Co-incidentally on Antiques Roadshow on Sunday there was a similar signal sent to land forces - as is usual in these cases the experts declined to value it.

This, copied from a friend's Facebook post may be of Interest (My Friend is obviously a friend of Mr Lustig-Prean)

Duncan Lustig-Prean
11 November at 00:10 · 
100 years ago today in the early hours, my great-grandfather, General Heinrich Lustig-Prean, surveyed the deep snow and dug-outs in which his exhausted men sheltered thousands of feet up in the mountains of the Italian Tyrol. The guns were silent.

Earlier in the year he led Austria’s last advance deeper into Italy across the alps. Now lack of supplies had stalled the campaign and the attrition rates were high for both sides.

He had received his orders for the Armistice commencing at 1200 local time. But instead he ordered an immediate ceasefire. His guns were checked at 0100 local.

He sent his aide-de-camp forward under a flag of truce with a note for his Italian opposite number.

“Further bloodshed pointless. Ceasefire with immediate effect. My medical officer will remain to assist your wounded.”

Heinrich was a professional soldier unlike the other Archdukes. He had been on the front line since the war started. By all accounts he was well-respected by his men among whom he insisted on living.

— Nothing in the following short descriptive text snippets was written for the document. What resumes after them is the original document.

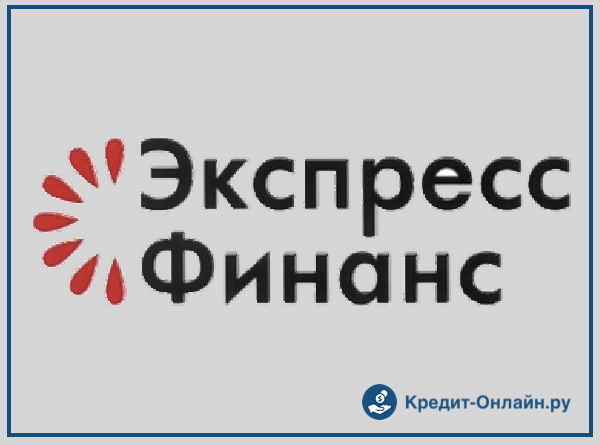 Экспресс финанс. Экспресс Финанс займ. Кредитэкспресс Финанс логотип. Картинки экспресс Финанс.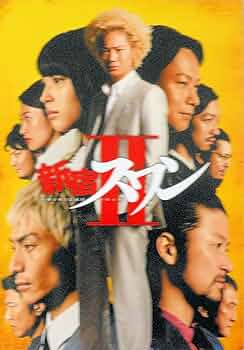 綾野剛さんの舞台DVDとパンフレットです。 綾野剛さんの舞台DVDとパンフレットです。 綾野剛主演】渋谷
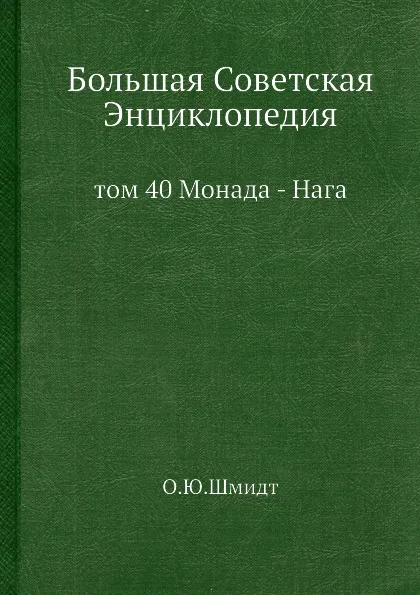 Обложка книги Большая Советская Энциклопедия. том 40 Монада - Нага, О. Ю. Шмидт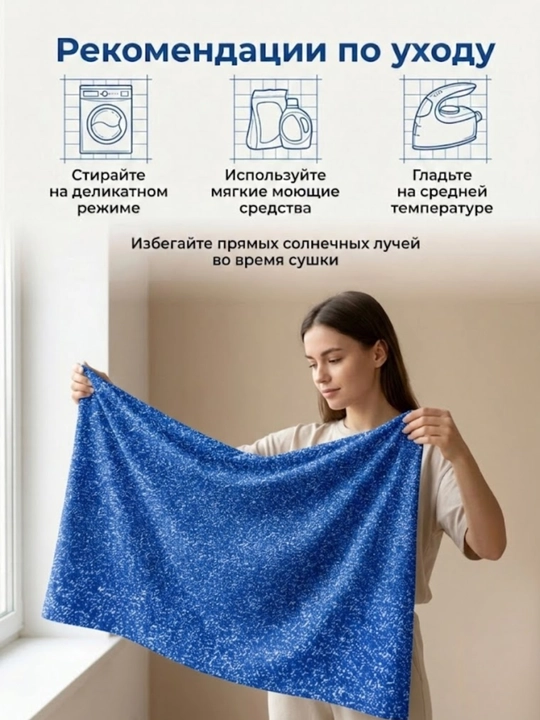 Ткань футер 2-нитка, мягкая и тёплая трикотажная ткань, 2 м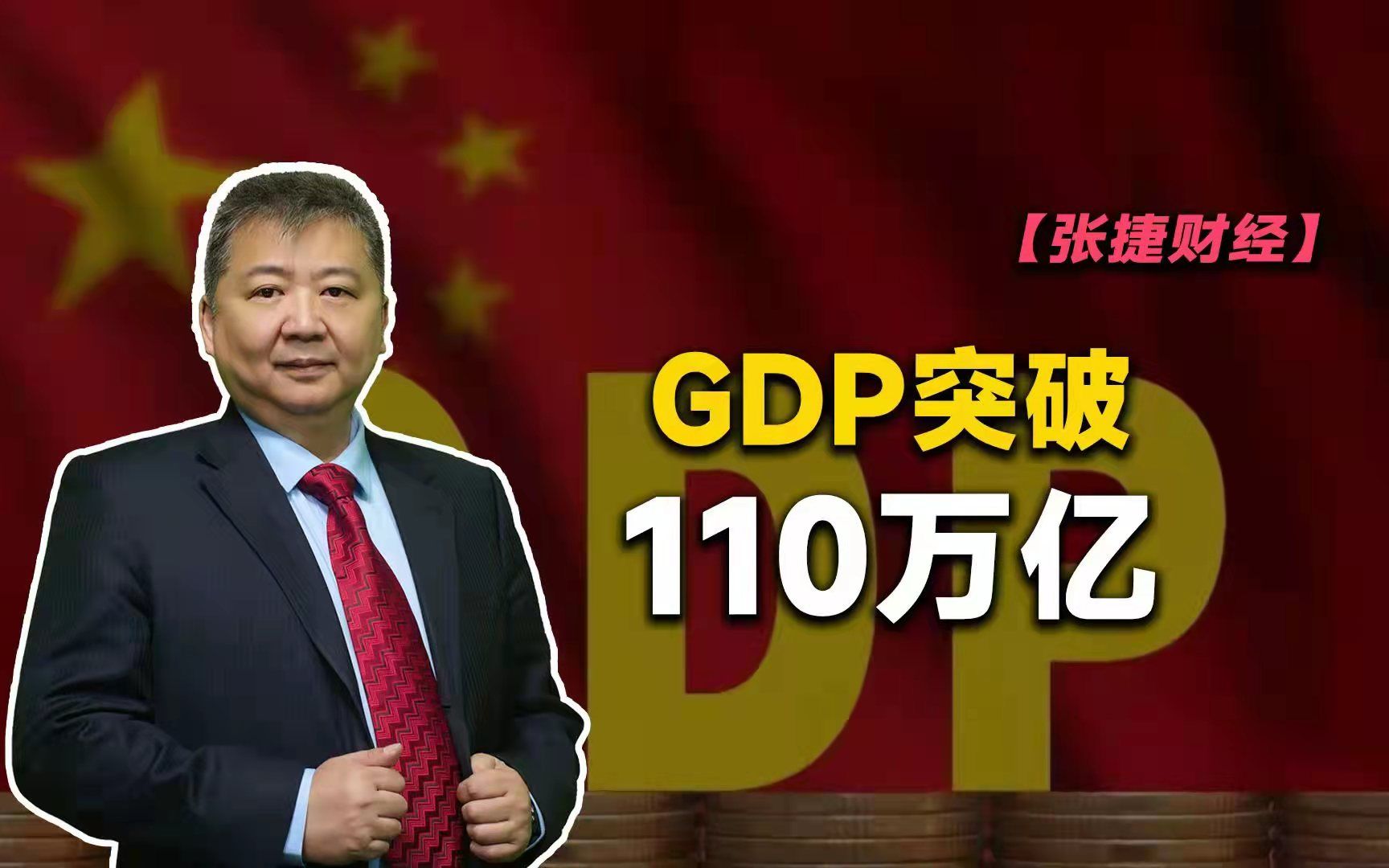 【张捷财经】GDP突破110万亿哔哩哔哩bilibili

When in 1917 the Emperor offered him the post of Minister of War he sent him back a curt note:

“I am a soldier not a politician”.

Keeping sufficient supplies for the long march back down into Austria, Heinrich ordered that the men be fed well. It was their best meal in weeks. He asked them to write letters home telling their families that they were safe. Then he sent his messenger with that mail, together with the condolence letters he always sent to each family in addition to those of their own commanding officers, down the mountains to Austria.

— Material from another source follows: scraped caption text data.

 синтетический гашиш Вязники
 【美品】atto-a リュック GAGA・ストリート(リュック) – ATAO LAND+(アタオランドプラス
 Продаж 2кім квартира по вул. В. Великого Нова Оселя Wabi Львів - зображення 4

(These were not his last condolence letters. Thousands more suc***bed to their injuries or did not survive the deprivations of their imprisonment in Italy ravaged by Spanish flu.)

He waited talking to his men in the eerie silence as the wind blew and the snow fell; a gun-free silence not heard for four bloody years.

I visited the regimental museum and saw the tens of thousands of ordinary Austrian men listed in the books of remembrance.

They had left their mountain farms, villages and towns to serve their country in the alpine regiments never to return; so many families left without sons.

Their regimental chapel is above Innsbruck. There is no stained glass. Behind the altar is a vast window. As you honour the fallen, you see the mountains upon which they gave their lives.

But my great-grandfather had two further acts of bravery to come.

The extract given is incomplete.